Vladimir laughed. ‘That’s preposterous. I’ve never heard such a stupid proposition. Get rid of the official whose idea this is.’

‘There may be a problem for a time.’

‘A problem?’ said Vladimir. ‘What sort of problem?’

‘With chicken, Vladimir Vladimirovich.’

‘No, there’s no problem with chicken. The problem,’ said Vladimir, waving a finger, ‘is that Russians think chicken is the problem, when in fact, it’s not chickens at all. Chickens are a distraction that our so-called friends in the west would like us to waste our time on, when it is the west itself that has caused the problem by sending us the second rate chickens they themselves won’t eat. Why else would I impose sanctions on them to stop them sending us this rubbish? Yes, this is exactly what Obama, Merkel and the rest of them want to see. This whole thing is a crude attempt to retaliate for our perfectly legitimate restrictions on the distribution of gas through the Ukraine pipelines, when in reality there is no comparison between the two. Chicken is not gas! Gas is not chicken! Is that clear? Russia has no problem with chicken. Russia has no problem with anything. Every problem in Russia is the fault of the west, which can’t bear to see a Russia that is strong and independent. I call on Russians to stop eating chicken and strike a blow against those in the west who would like to put us back into a cold war!’

‘Yes, Vladimir Vladimirovich.’

Vladimir nodded emphatically, a fierce expression on his face.
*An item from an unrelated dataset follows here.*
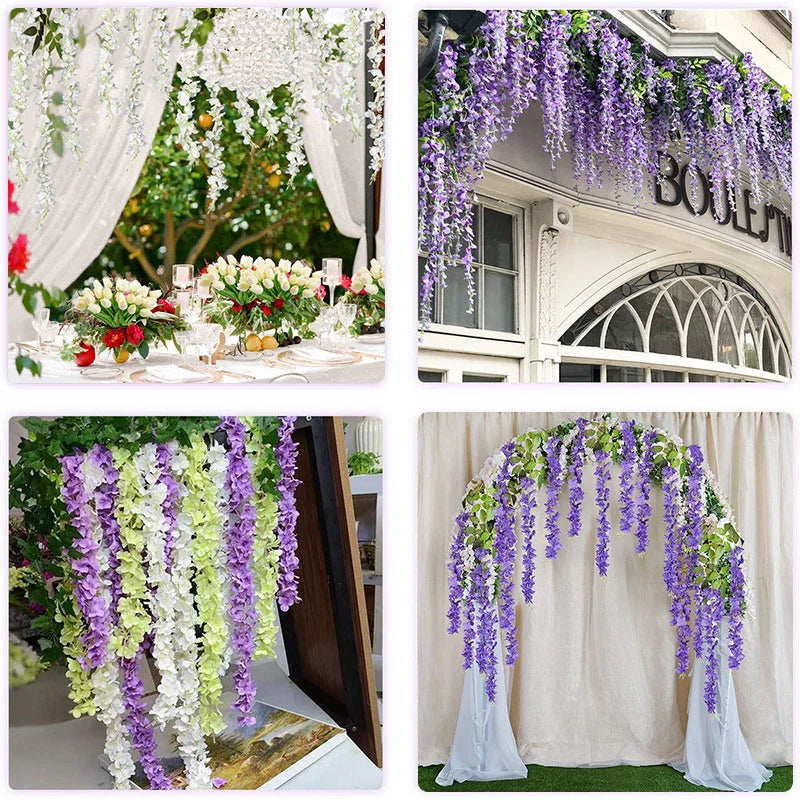 Détail des fleurs de glycine en soie avec feuilles vertes réalistes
Slowly the look changed and his face became blank again. Sheremetev tidied up around him.

‘Who are you?’ he said after a while.

‘Sheremetev, Vladimir Vladimirovich.’

Vladimir nodded, as if he remembered now. ‘Do you know my mother?’

Sheremetev shook his head.

‘What about my brothers?’

‘No, Vladimir Vladimirovich.’

He smiled slyly. ‘How could you? They died before I was born.’

‘I know,’ said Sheremetev.

‘How do you know?’

Sheremetev shrugged. ‘Everyone knows.’

Vladimir narrowed his eyes. ‘How does everyone know?’

‘It’s known, Vladimir Vladimirovich. It’s very sad.’

Vladimir watched him suspiciously for a moment. ‘Yes,’ he said. ‘Very sad. My mother has never recovered. She gave me this cross, you know, only last week.’ He fingered a small gold crucifix that hung around his neck.